*** SUPPLIED DATA ***

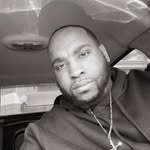 Anthony Pernell - @muchjuice - Instagram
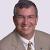 Charlie Newsome, Broker in 23320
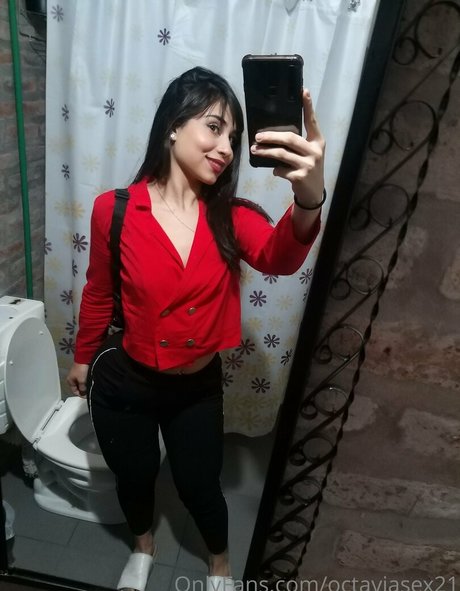 sexe en cuisine onlyfans des nus sympas collection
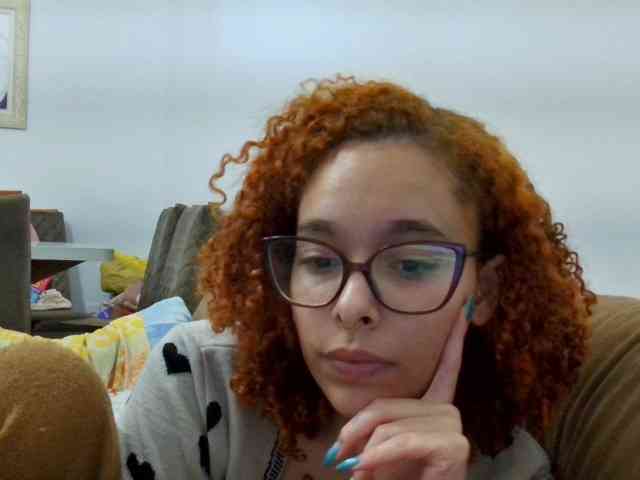porn web cam live Lizza-monroe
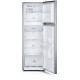 Kulkas 2 Pintu Samsung Refrigerator 264 Liter RT-25FARBDSA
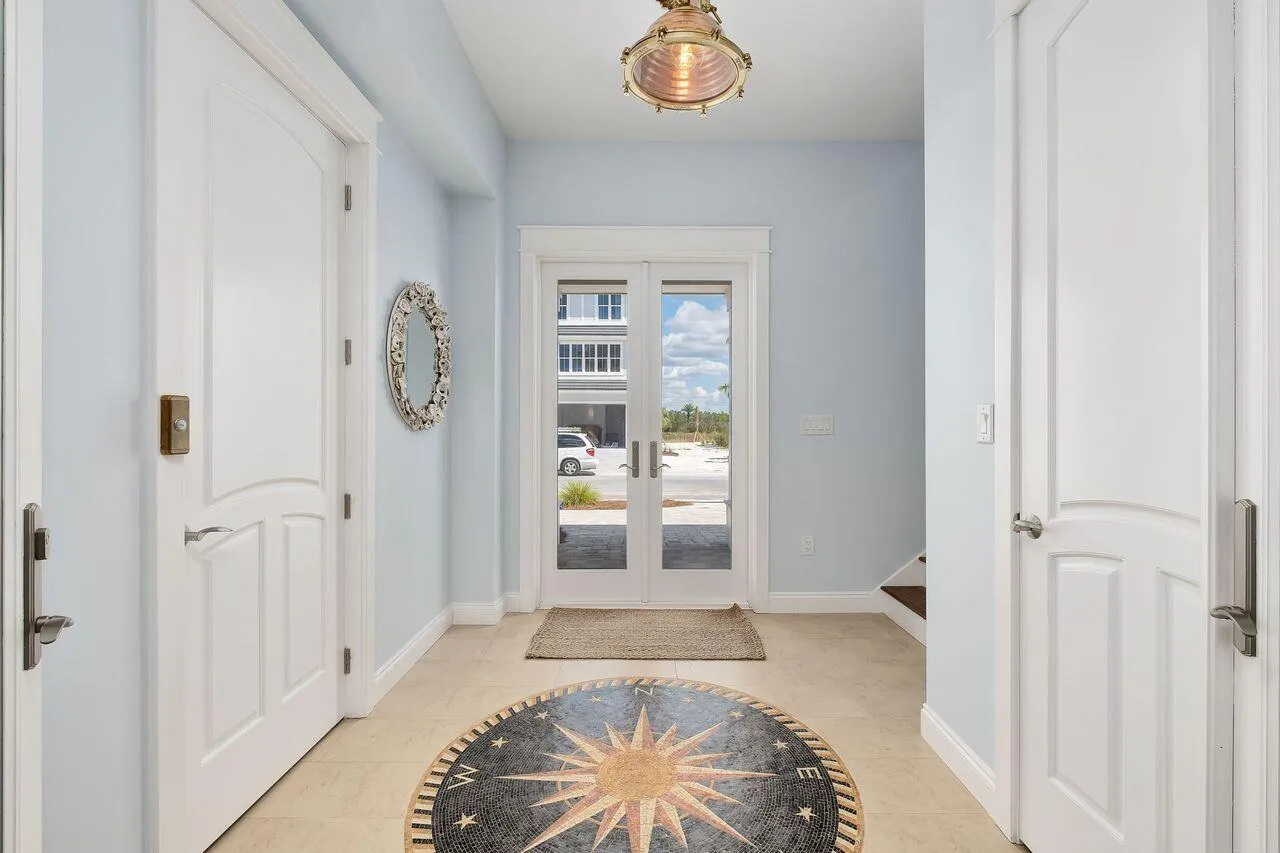 Mexico Beach, Florida 32456, United States, 5 Bedrooms Bedrooms, ,4 BathroomsBathrooms,Residential,Active,42764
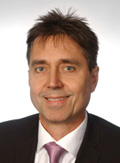 Dirk Berning Leiter der AuÃenstelle Nordwestdeutschland Dirk Berning von der Firma Heidrive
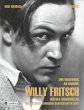 Ein Feuerwerk an Charme - Willy Fritsch - Bild 1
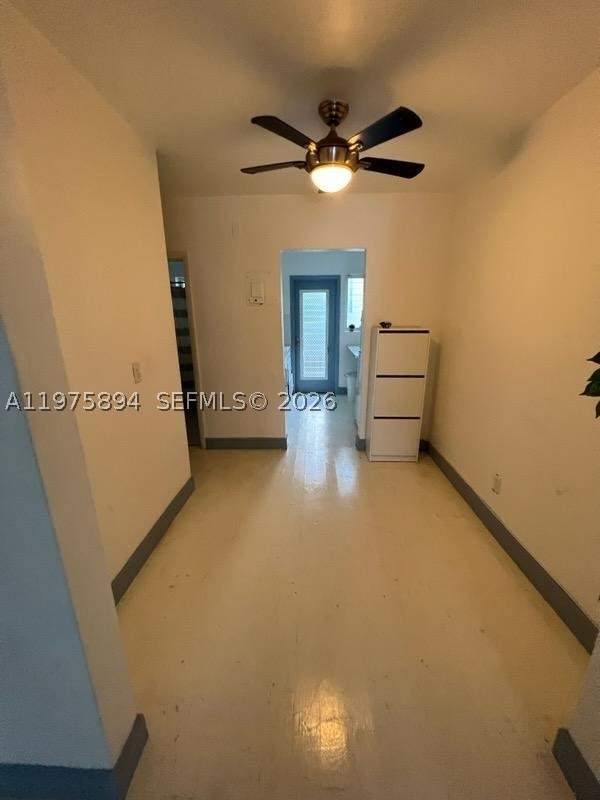 1 bedroom Condominium at 761 Euclid Ave 12B, El Chioggiotto Condo, Miami Beach — photo 3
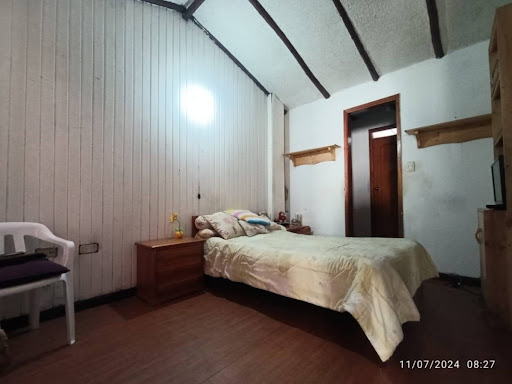 Casa en venta en Zarzamora, Bogotá · foto 18 de 24
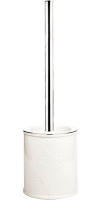 Ершик Wasserkraft Rossel K-5727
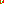 Destellos dst-3390520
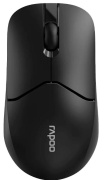 фото Мышь Rapoo 1510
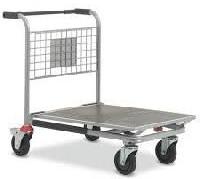 Transport Trolley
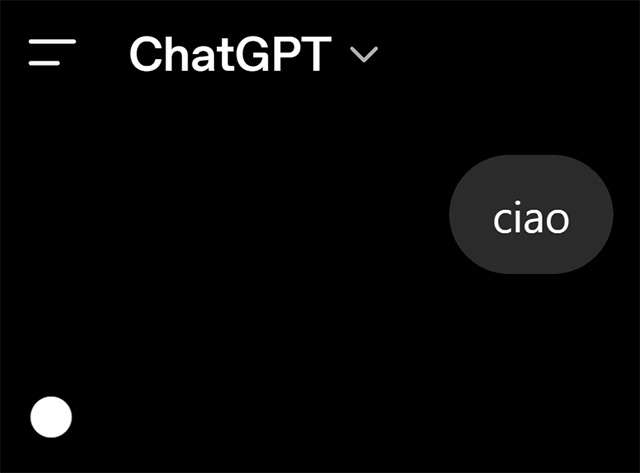 Il down di ChatGPT del 20 aprile 2026: l'AI non risponde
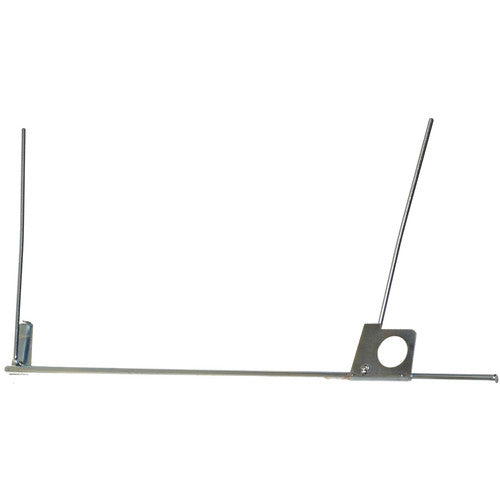 Manfrotto Avenger Collapsible Scrim Kit 24X36In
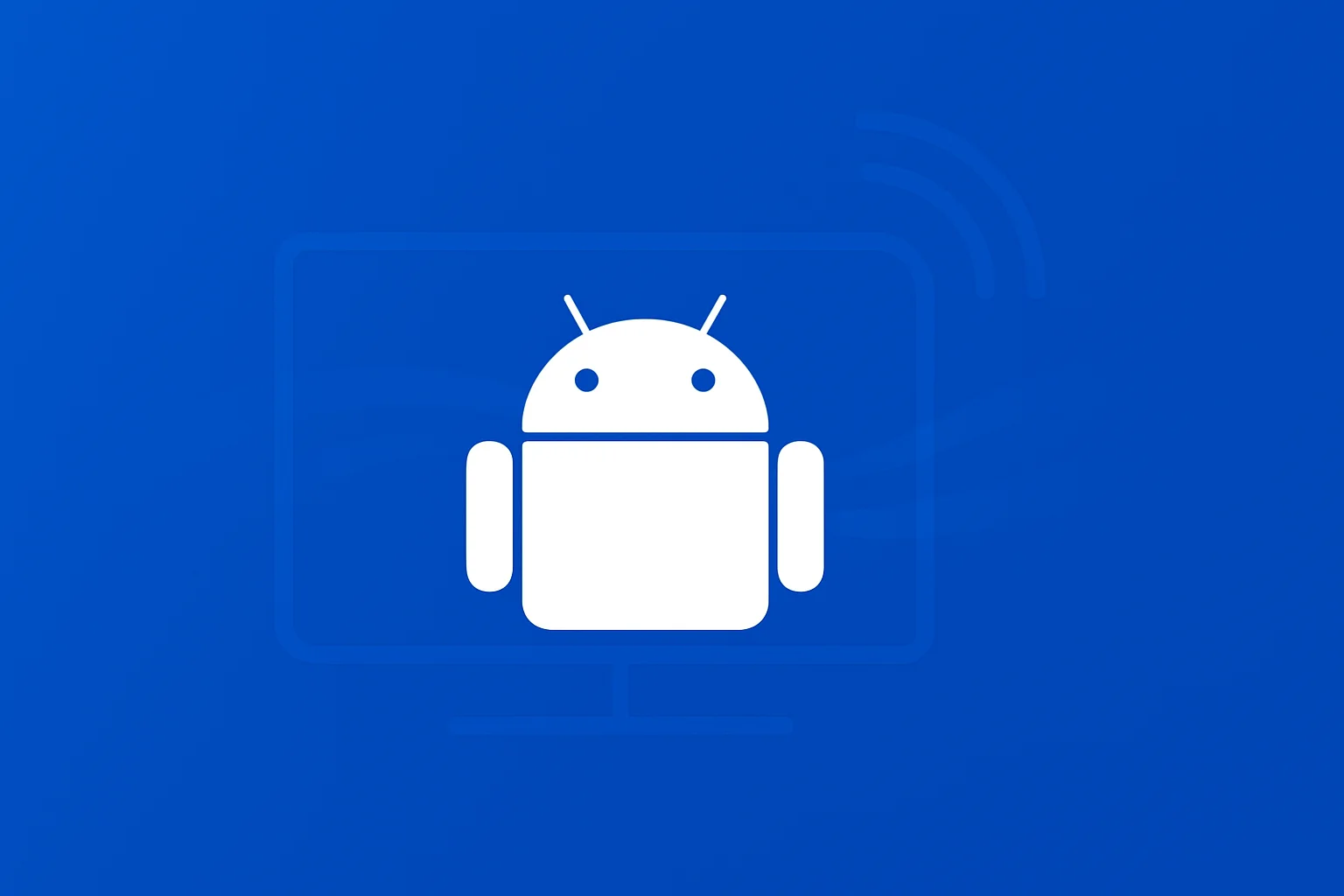 IPTV op Android instellen: Ultieme gids voor Android TV & apparaten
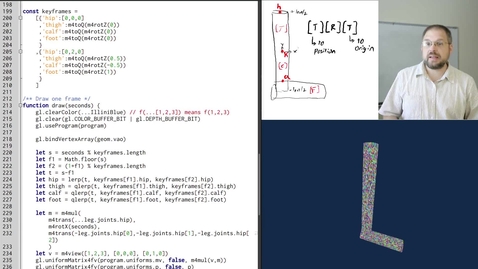 Thumbnail for 3-modeling_3-code_4-rig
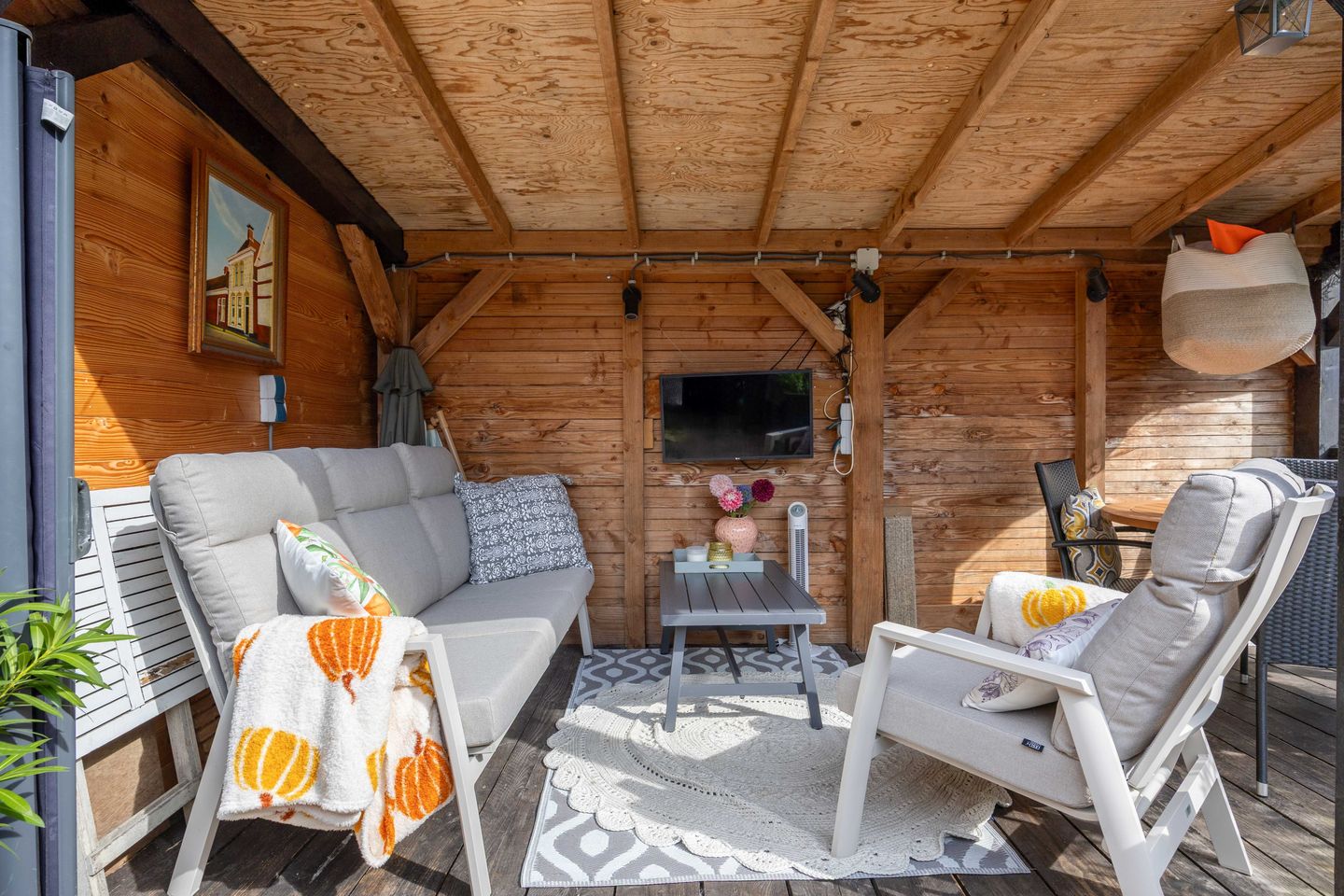 Foto 64 van Solwerderstraat 66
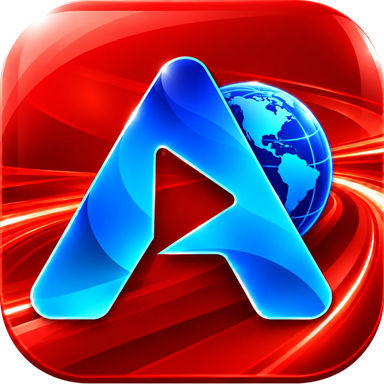 AAGearUP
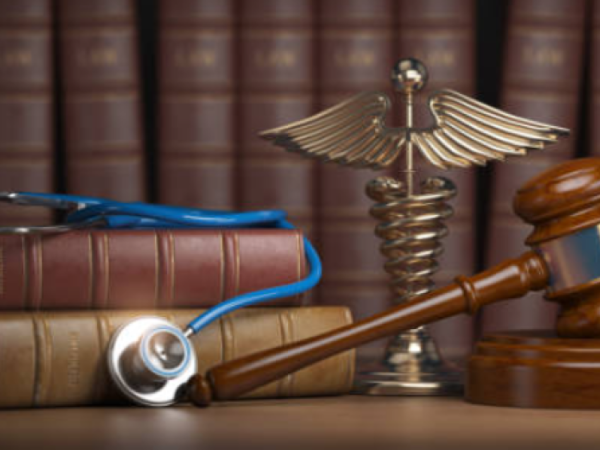 Pulse for health financing: tensions between government and court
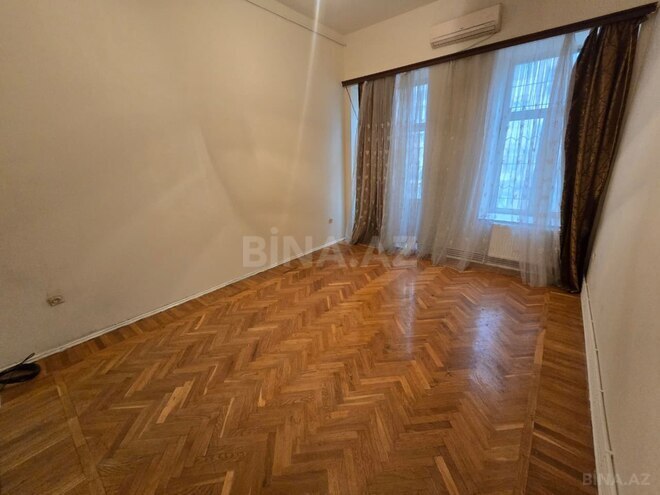 Сдаётся  объект 101 м², м. 28 мая, photo 6 from 12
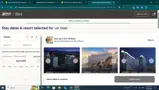 TLTMSTN coupon verification screenshot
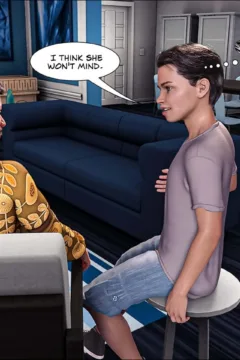 Father in Law at Home 18 (71)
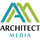 Architect media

*** End of SUPPLIED DATA ***

### INSTRUCTIONS FOR THE TASK
Look at the listing and set down only the lines from its start through the line with "Ein Feuerwerk an", word for word and without pictures.

### OUTPUT FOR THIS EXERCISE
 Anthony Pernell - @muchjuice - Instagram
 Charlie Newsome, Broker in 23320
 sexe en cuisine onlyfans des nus sympas collection
porn web cam live Lizza-monroe
 Kulkas 2 Pintu Samsung Refrigerator 264 Liter RT-25FARBDSA
 Mexico Beach, Florida 32456, United States, 5 Bedrooms Bedrooms, ,4 BathroomsBathrooms,Residential,Active,42764
 Dirk Berning Leiter der AuÃenstelle Nordwestdeutschland Dirk Berning von der Firma Heidrive
 Ein Feuerwerk an Charme - Willy Fritsch - Bild 1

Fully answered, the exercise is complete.